I know the era of Jimmy live on a stage and/or releasing a new solo album is bleak. Why do we suppose
Jimmy says he's wants to be seen performing again live, or making a solo album? He said this all summer
promoting the Led Zeppelin re-masters -- yet nothing comes to fruition. I don't believe it's to keep people
interested in him career wise. I'm a fan of his and like hearing what he's up to whether about his music, or
the theatre project for addicts. Jimmy's got me locked up as a fan whether he performs or not.

When it comes to Jimmy playing and writing; I think "wanting to" and "able to" are indeed two different things.  
I believe Jimmy wants to stand on a stage and play guitar, but something is preventing him. Something he may
not want to say to the public. Something he perhaps hasn't come to terms with yet. I don't believe Jimmy Page
in his heart wants to hang up his guitar.
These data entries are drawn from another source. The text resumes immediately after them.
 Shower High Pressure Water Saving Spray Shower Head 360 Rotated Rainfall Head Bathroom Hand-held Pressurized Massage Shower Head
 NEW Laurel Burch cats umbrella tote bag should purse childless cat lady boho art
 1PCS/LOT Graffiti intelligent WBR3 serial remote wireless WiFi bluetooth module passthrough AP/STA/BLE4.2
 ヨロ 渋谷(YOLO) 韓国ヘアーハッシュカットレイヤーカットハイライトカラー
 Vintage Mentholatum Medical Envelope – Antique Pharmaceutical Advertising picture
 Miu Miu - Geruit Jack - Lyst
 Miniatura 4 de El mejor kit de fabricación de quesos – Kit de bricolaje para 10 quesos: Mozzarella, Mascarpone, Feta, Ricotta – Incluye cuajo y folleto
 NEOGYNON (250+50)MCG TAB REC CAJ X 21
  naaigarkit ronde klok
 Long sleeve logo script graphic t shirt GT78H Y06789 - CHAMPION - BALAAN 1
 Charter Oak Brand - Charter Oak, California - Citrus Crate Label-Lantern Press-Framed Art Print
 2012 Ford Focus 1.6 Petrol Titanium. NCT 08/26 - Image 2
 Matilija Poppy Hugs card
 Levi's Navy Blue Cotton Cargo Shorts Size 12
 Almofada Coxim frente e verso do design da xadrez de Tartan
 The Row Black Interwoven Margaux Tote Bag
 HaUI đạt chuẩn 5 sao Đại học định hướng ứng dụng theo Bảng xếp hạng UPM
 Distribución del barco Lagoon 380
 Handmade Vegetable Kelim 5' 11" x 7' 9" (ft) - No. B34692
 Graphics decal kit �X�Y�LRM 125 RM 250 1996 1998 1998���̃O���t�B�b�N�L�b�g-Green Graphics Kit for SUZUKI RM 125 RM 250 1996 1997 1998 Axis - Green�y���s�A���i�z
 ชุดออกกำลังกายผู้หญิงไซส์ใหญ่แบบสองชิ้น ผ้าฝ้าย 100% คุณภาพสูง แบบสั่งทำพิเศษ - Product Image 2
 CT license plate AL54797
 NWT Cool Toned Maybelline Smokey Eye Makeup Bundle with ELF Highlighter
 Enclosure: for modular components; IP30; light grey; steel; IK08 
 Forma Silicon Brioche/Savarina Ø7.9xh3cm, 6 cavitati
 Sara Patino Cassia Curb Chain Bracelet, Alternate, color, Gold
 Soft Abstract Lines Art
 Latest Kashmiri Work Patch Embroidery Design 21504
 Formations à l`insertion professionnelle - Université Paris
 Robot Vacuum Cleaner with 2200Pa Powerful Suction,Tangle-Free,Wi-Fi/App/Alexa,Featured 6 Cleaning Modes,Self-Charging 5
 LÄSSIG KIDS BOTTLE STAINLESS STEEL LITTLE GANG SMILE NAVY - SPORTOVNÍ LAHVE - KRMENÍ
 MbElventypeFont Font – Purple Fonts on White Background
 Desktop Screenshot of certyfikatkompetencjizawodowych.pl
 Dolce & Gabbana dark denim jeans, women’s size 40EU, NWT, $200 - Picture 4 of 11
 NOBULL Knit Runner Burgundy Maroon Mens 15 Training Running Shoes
His head though could be conflicting that.

For some,  the addictions long after they've been defeated  still haunt the person psychologically.  :unsure:  

 

Plant's 1985 Swedish interview may hold a clue.  I'm also reminded of a quote from one of the guitarists Plant worked with early in his solo career.  The guitarist remarked that after listening to all of Led Zeppelin's catalog he thought that Jimmy Page's brain was often ahead of his fingers.  Perhaps this is the story of Page's career since he founded Led Zeppelin; great musical ideas that he can't always execute.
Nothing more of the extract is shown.